**Problem to work on**
With the pictures left out, restate exactly the part below that opens with the line containing "KID BOOTS 5M" and closes with the line containing "2003 TOYOTA YARIS".

**Excerpted data**
────

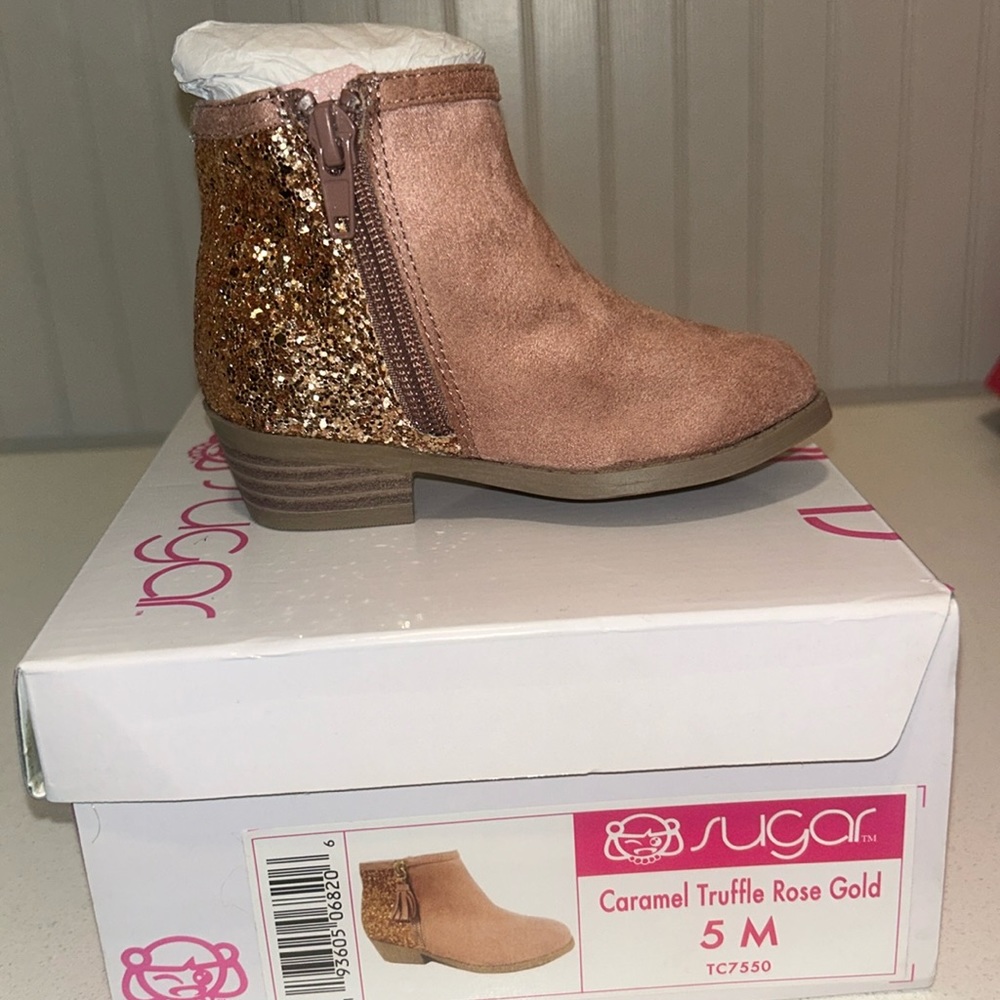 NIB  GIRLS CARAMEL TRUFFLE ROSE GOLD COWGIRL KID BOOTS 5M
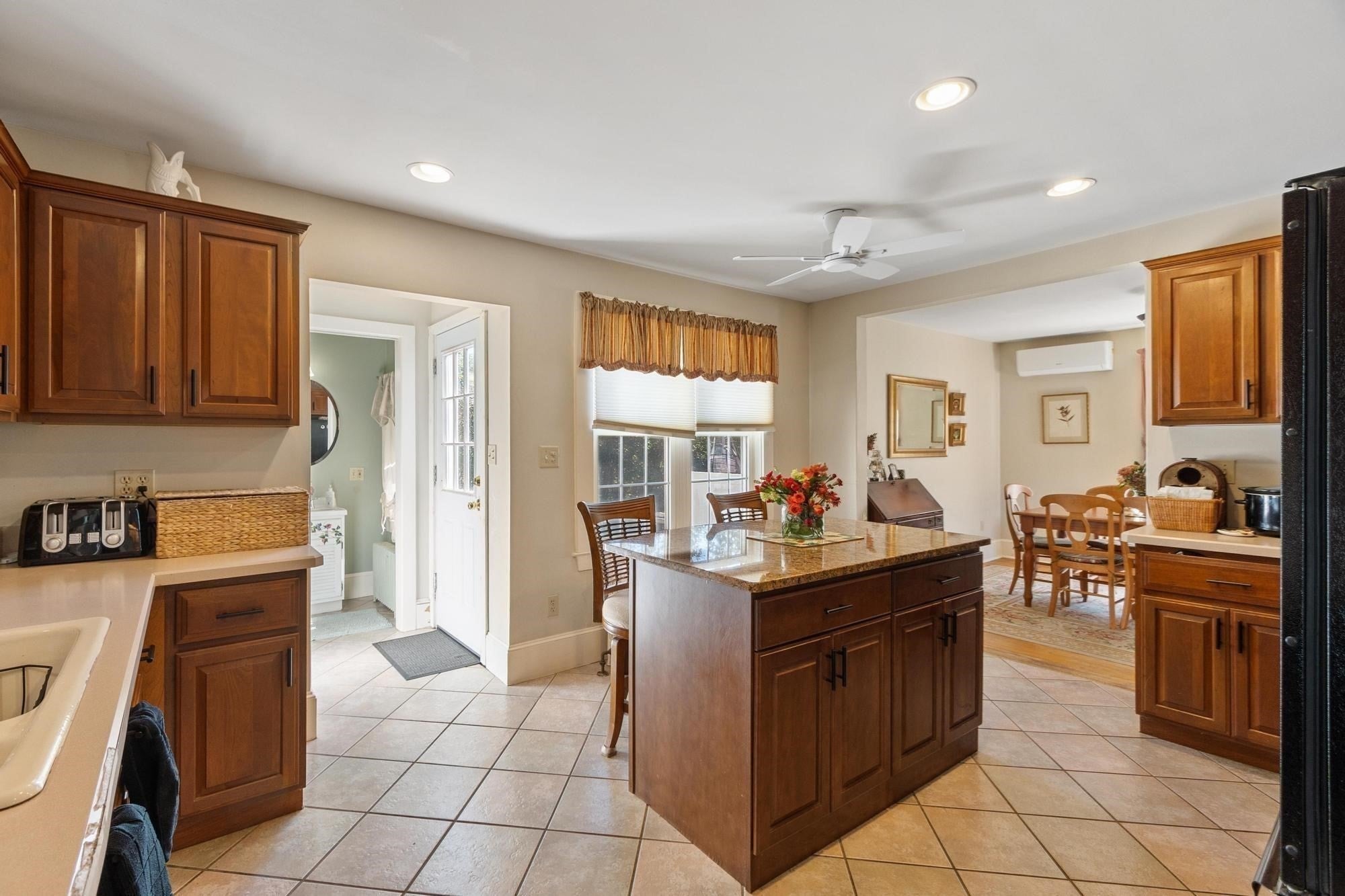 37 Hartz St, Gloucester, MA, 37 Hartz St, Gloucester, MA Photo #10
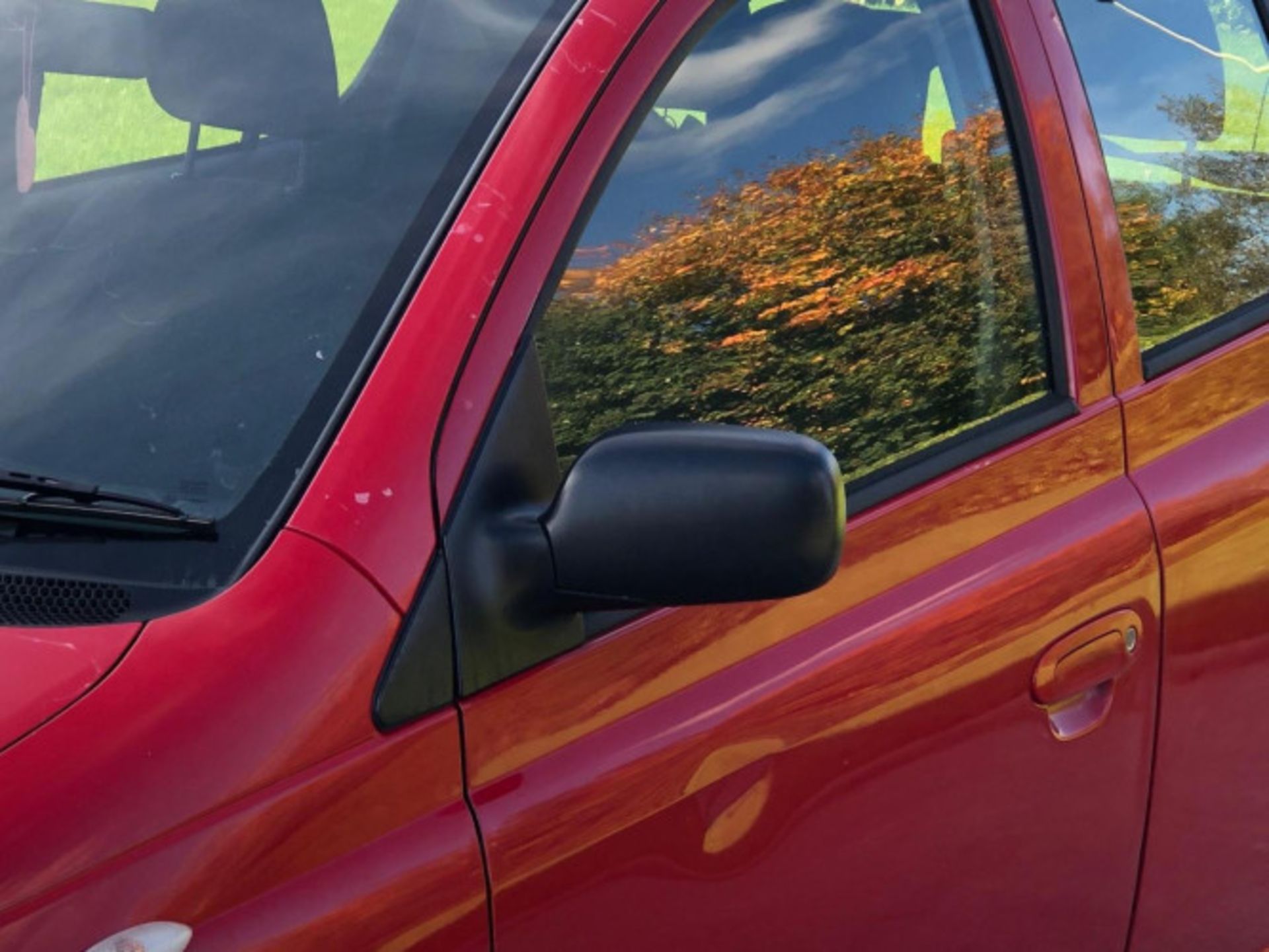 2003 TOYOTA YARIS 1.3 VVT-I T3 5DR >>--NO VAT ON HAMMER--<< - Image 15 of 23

────

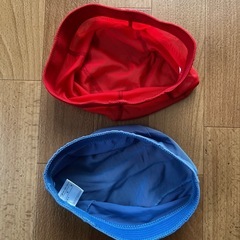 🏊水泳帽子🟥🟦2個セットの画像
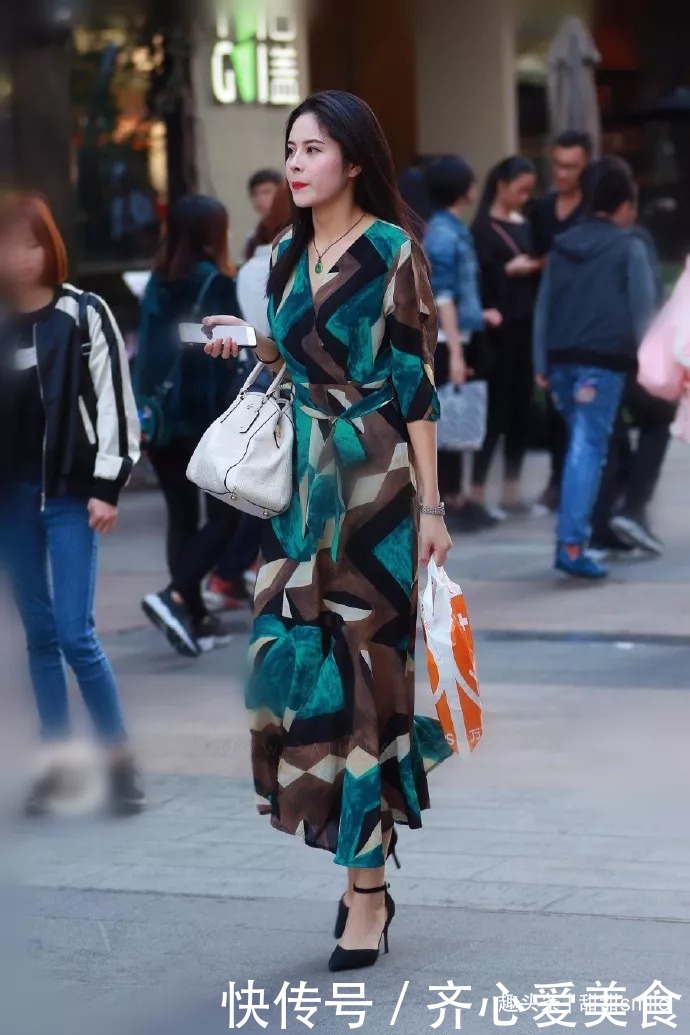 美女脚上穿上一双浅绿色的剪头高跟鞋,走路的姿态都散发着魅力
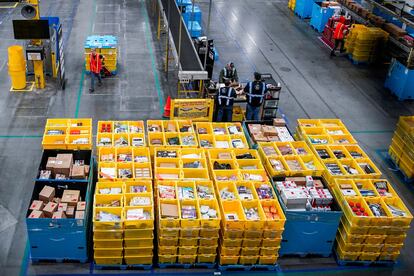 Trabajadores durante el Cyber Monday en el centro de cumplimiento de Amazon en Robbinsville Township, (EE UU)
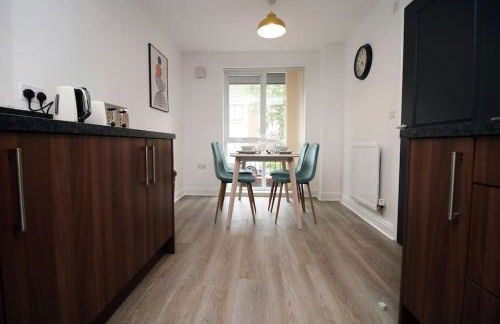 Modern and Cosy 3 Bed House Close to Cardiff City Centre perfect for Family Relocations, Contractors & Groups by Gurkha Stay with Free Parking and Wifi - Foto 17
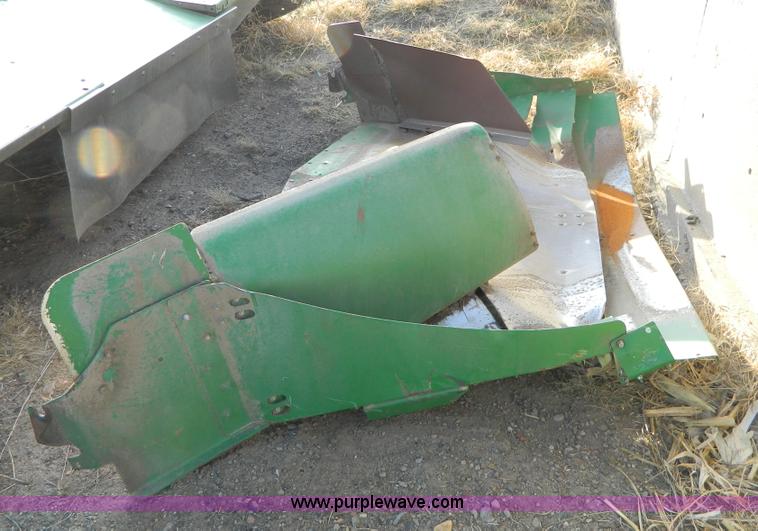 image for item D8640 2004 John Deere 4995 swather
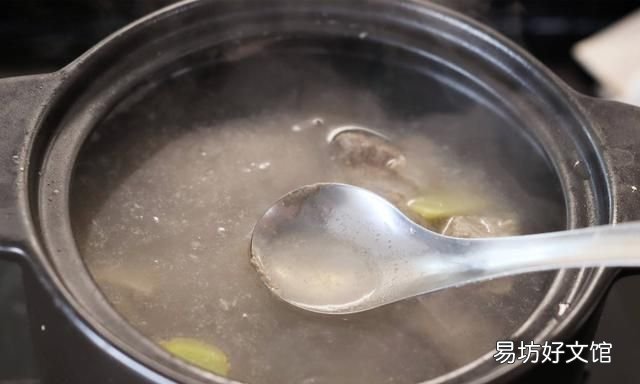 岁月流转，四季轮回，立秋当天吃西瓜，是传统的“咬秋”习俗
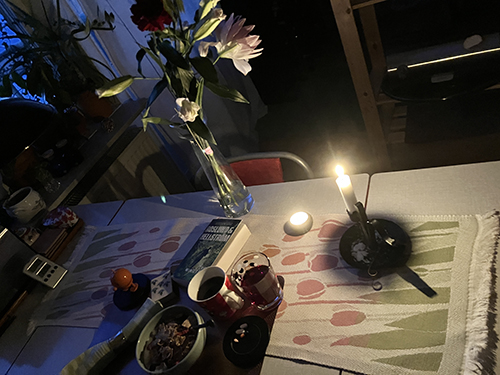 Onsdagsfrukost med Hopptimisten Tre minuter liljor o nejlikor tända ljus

────

**Output below**
 NIB  GIRLS CARAMEL TRUFFLE ROSE GOLD COWGIRL KID BOOTS 5M
 37 Hartz St, Gloucester, MA, 37 Hartz St, Gloucester, MA Photo #10
 2003 TOYOTA YARIS 1.3 VVT-I T3 5DR >>--NO VAT ON HAMMER--<< - Image 15 of 23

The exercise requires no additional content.